TASK GOAL: Copy out again, unchanged, the line that contains "Mercedes-Benz C 300 e Avantgarde" and every line after it down to the last line of the data.

[Saved data entries]
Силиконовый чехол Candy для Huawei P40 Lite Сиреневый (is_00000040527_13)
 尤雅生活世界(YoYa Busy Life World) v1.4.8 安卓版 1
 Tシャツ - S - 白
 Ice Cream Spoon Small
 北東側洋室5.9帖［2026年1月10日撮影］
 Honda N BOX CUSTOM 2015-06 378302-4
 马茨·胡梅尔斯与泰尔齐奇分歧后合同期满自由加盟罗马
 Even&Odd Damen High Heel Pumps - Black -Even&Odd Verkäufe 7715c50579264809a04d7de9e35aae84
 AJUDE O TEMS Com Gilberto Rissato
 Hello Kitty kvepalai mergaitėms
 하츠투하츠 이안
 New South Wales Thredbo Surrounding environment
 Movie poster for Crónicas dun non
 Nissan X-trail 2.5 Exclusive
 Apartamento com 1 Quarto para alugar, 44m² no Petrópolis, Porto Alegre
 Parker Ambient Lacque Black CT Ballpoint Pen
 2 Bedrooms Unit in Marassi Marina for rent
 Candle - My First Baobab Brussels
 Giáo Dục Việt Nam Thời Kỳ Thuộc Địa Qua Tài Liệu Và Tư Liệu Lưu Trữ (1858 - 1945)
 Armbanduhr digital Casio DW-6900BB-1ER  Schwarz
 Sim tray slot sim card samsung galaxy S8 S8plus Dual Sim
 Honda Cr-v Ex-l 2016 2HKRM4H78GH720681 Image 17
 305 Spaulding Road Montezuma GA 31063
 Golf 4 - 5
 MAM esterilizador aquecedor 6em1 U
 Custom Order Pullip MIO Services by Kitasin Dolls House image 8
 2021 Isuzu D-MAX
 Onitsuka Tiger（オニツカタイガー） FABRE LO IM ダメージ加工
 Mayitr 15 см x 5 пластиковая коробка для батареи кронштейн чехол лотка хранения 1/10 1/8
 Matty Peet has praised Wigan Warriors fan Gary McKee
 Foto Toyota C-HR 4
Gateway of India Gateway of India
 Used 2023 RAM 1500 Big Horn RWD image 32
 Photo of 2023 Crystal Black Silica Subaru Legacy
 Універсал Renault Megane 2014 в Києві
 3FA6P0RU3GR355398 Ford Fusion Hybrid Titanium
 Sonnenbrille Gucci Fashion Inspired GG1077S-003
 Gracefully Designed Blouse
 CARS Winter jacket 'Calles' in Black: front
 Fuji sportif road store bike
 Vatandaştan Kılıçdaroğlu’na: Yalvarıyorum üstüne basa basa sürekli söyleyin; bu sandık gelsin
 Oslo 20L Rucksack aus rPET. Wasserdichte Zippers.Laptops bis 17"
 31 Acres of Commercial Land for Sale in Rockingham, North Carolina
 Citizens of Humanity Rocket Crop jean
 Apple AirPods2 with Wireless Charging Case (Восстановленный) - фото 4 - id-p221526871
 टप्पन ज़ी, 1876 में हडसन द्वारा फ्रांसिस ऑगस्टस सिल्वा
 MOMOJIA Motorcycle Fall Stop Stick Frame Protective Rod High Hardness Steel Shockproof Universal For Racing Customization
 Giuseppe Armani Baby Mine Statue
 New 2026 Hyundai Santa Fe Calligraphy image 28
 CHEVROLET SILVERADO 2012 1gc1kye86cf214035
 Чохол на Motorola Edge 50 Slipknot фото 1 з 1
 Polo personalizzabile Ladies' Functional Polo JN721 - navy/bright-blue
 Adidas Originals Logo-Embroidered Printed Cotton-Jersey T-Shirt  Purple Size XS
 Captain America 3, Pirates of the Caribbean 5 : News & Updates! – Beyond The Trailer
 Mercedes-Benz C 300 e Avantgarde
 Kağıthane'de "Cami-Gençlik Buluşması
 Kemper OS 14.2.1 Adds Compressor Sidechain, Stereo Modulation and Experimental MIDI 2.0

SOLUTION FOR THIS TASK:
 Mercedes-Benz C 300 e Avantgarde
 Kağıthane'de "Cami-Gençlik Buluşması
 Kemper OS 14.2.1 Adds Compressor Sidechain, Stereo Modulation and Experimental MIDI 2.0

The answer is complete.